Prior to traveling to Brazil, I had a very narrow idea of what the term "racism" actually meant. To me, I considered it the sporadic maltreatment of a minority race through body language or comments made whether or not it was face to face, or an afterthought of an experience. Upon our time traveling around Brazil, I have come to realize it is much more than body language or cruel comments towards an individual of another race. In Brazil, those who racially identify as non-white face racism ever single day. In Brazil, "there are two distinct citizenships-- the white and the black" (Sheriff). While whites are often seen as elites in the country, "Brazilians of African descent lag far behind their white counterparts in all of the relevant measures of economic well-being and quality of life" (Sheriff). Through our time in Brazil and discussion at IPEA today, it has been made quite obvious that this rings true throughout the country.

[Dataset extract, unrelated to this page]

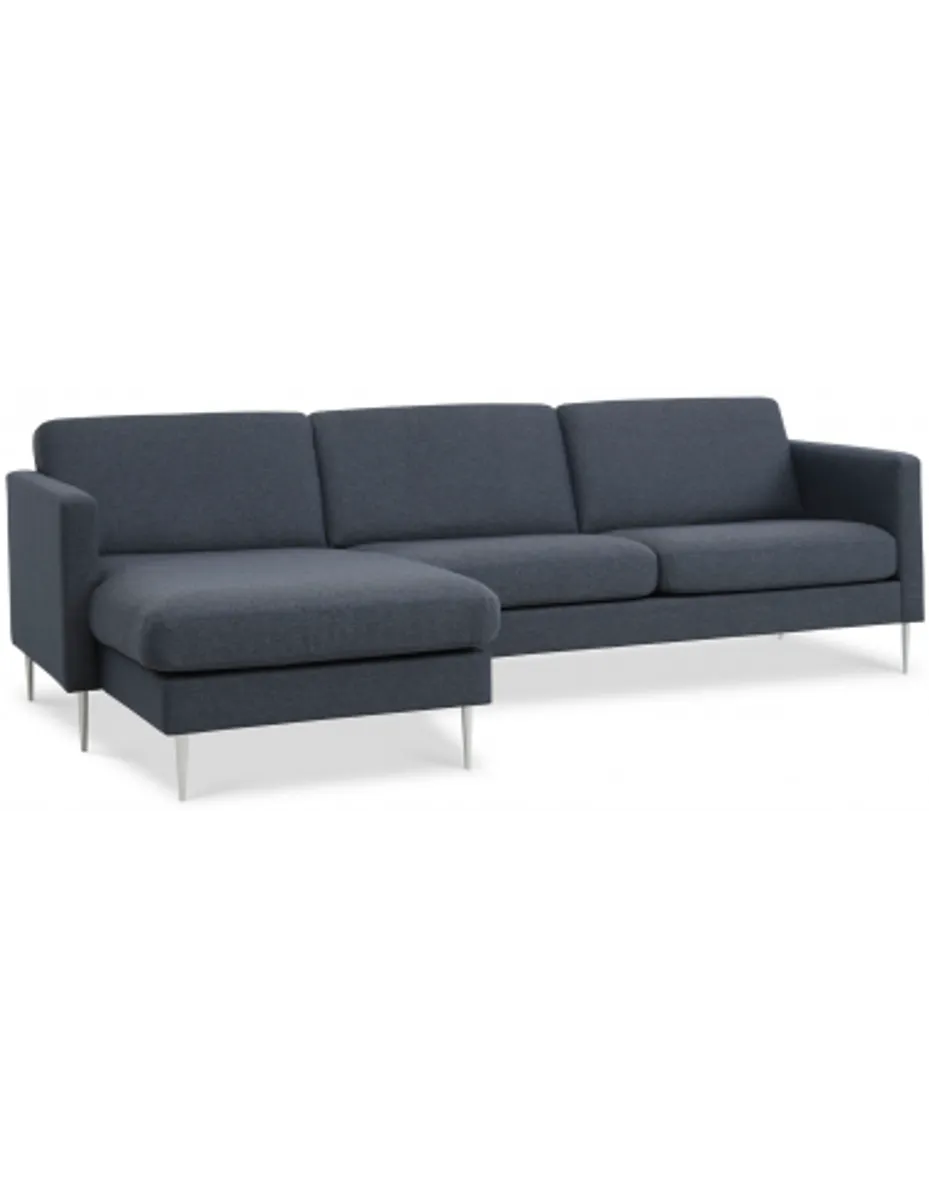 Askset chaiselongsofa i polyester B260 x D145 cm - Børstet alugrå/Navy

I feel the atmosphere of racial inequality has been most apparent during our time in Rio de Janeiro. After visiting Rocinha favela and witnessing other examples on the street, Rio is a true example of the idea that those of color are lower on the socioeconomic ladder. As discussed in Robin Sheriff's Dreaming Equality, "Color itself structures the process by which Brazilians of African descent are systemically denied access to the opportunities to pursue trajectories of upward mobility...most black Brazilian families remain at the bottom of the socioeconomic ladder" (Sheriff). Most individuals living in Rocinha were of a darker complexion, and many individuals working in less desirable jobs had darker skin as well (street sweepers and waiters, as well as those who were homeless and living on the street).

Four of us visited the botanical gardens in Rio one day and wandered to a nearby restaurant. We immediately noticed that we were not the whitest individuals there, almost everyone around us drove a car, and the wardrobe of those surrounding us was very business-like and professional. We discussed the idea of racism and how it impacts social class in Brazil; it was clear that the whites were "well-off" based on the caliber of the restaurant and the clothing they were wearing, compared to the condition of those living on the street and in the favela. While this idea of class by race is not written in stone anywhere, it is something one must witness to truly believe the idea that one's social class is based off of the color of their skin.

While one might argue this idea can be reciprocated in the United States, it is a very different feeling in Brazil. Often times, it can be argued that the key to success in life is a quality education. While this is made a priority in the United States, it's not as easily accessible in Brazil. Commonly, most individuals of color in Brazil complete at most, 9 years of schooling and do not move on to university (Mauro). However, those who are white typically finish high school and go on to university. The access individuals have to a quality education can be used as evidence to explain why the social class system in Brazil functions as it does; those with access to a quality education (whites) are able to obtain better jobs, resulting in a higher income and ultimately landing them at the top of the social class ladder.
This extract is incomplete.